La dénomination de « leadership de commando » est très spécifique, due au fait que ce type de leadership s’exprime différemment de celui qu’on exerce à la tête de grandes structures. A tel point que l’on peut être un bon leader de commando et un piètre leader de grandes structures.


Lorsqu’il dirige des équipes de tailles conséquentes (plusieurs niveaux hiérarchiques par exemple), un dirigeant n’exerce normalement son management qu’avec sa garde rapprochée (sauf à faire du micro-management, ce qui est de l’anti-leadership par excellence). Et plus l’on s’éloigne de lui dans l’organigramme, plus son image de manager s’amoindrit, et plus les gens ne regardent et ne perçoivent que son rôle de leader. Donc plus son leadership se doit d’être prégnant et efficace, car le dirigeant, lointain au quotidien, ne pourra pas compenser ses imperfections de leadership par la qualité de son management. Or beaucoup de dirigeants, parce qu’ils ont été formés au management et maîtrisent ce rôle mieux que celui de leader, ont tendance à penser qu’être un bon manager leur donne une aura suffisante de leader. Mais ce n’est pas le cas. A la tête d’une grande structure, un dirigeant est regardé par l’ensemble de ses collaborateurs sous l’angle du leader et non du manager.

Sur une petite équipe en revanche, le dirigeant est dans un rôle de leader, mais aussi de manager, du fait de la proximité avec ses équipes. Il peut donc, suivant les situations, être davantage manager que leader, ou l’inverse (mais le premier cas est en général plus simple et plus fréquent), et ainsi combler les imperfections d’un de ses rôles grâce à l’autre. Mais si c’est un bon manager, le risque est qu’il ne travaille pas suffisamment son leadership, se camouflant, sans en avoir conscience, derrière son management. Ce qui peut être un vrai piège si, repéré par quelque chasseur de têtes ou DRH pour ses performances actuelles, il dirige demain une grande structure.

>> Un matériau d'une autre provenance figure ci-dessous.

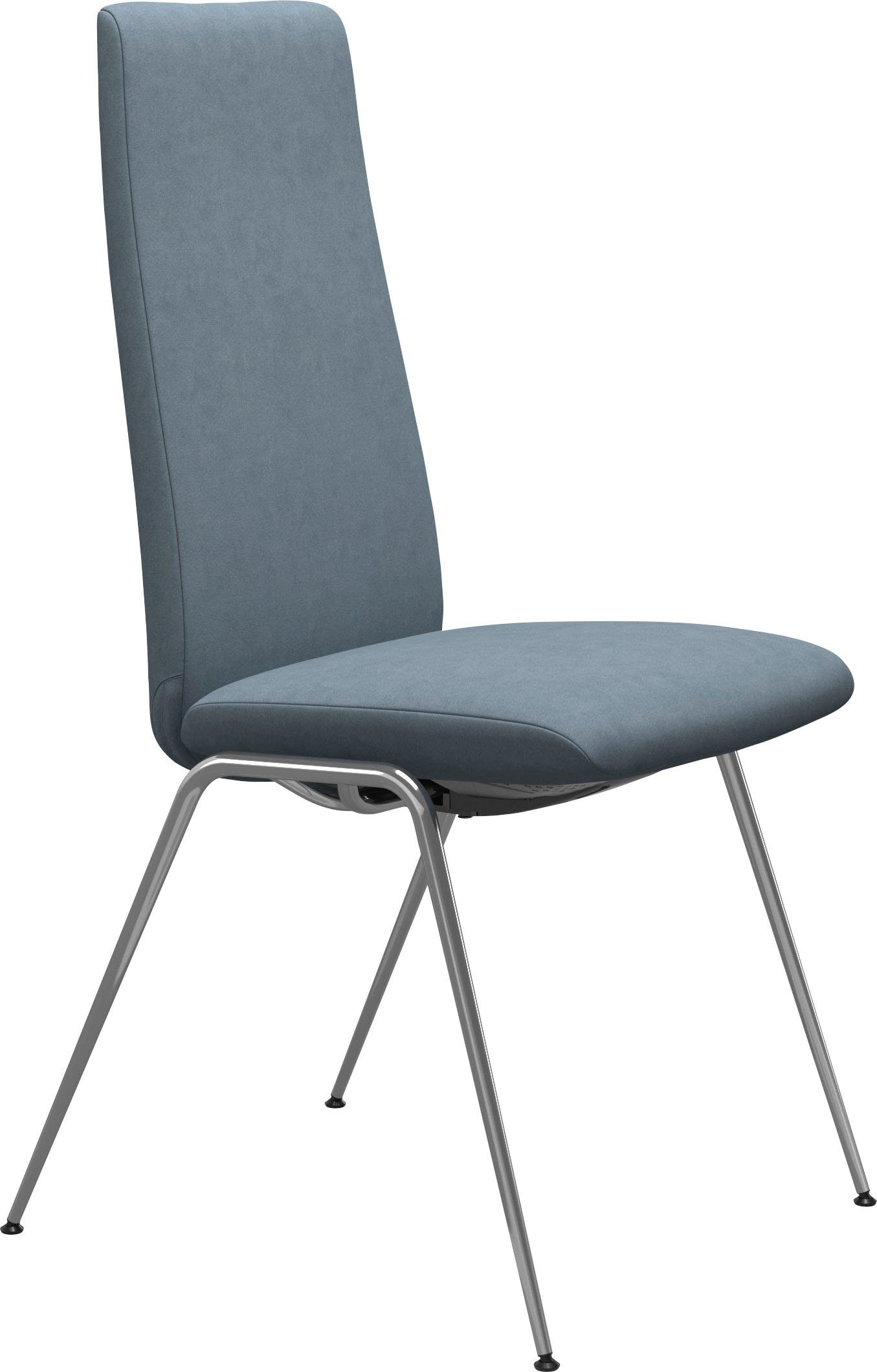 Stressless® Polsterstuhl Laurel, High Back, Größe M, mit Beinen aus Stahl in Chrom glänzend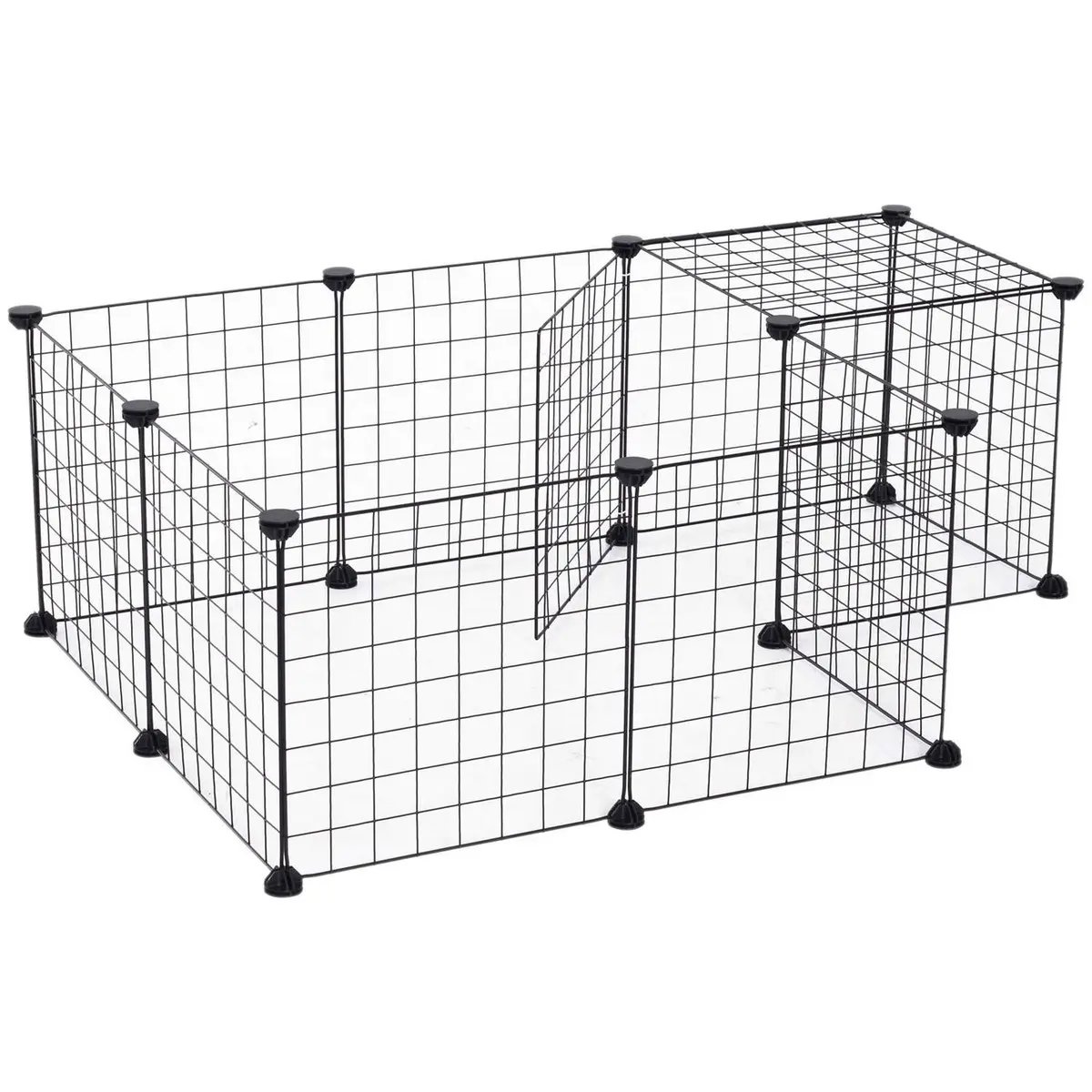 Lite fleksibelt uteskap i sort metallnetting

Passer de la direction d’une équipe de petite taille à une équipe de grande taille nécessite donc d’amplifier son rôle de leader au « détriment » de celui de manager. Ceci implique d’aligner clairement ses convictions et ses postures (cf. article correspondant : Le Véritable Leader, un Cristal Pur) et de réussir ses métamorphoses de manager (article correspondant : Du Manager au Leader, 8 Métamorphoses d’une TransformationEssentielle). 
A l’inverse, passer à une petite équipe après en avoir dirigé de grandes nécessite de renforcer son rôle de manager, du fait de la proximité avec ses collaborateurs, sans pour autant édulcorer son leadership. Mais travailler son management étant généralement plus simple que son leadership, cette évolution est souvent plus aisée.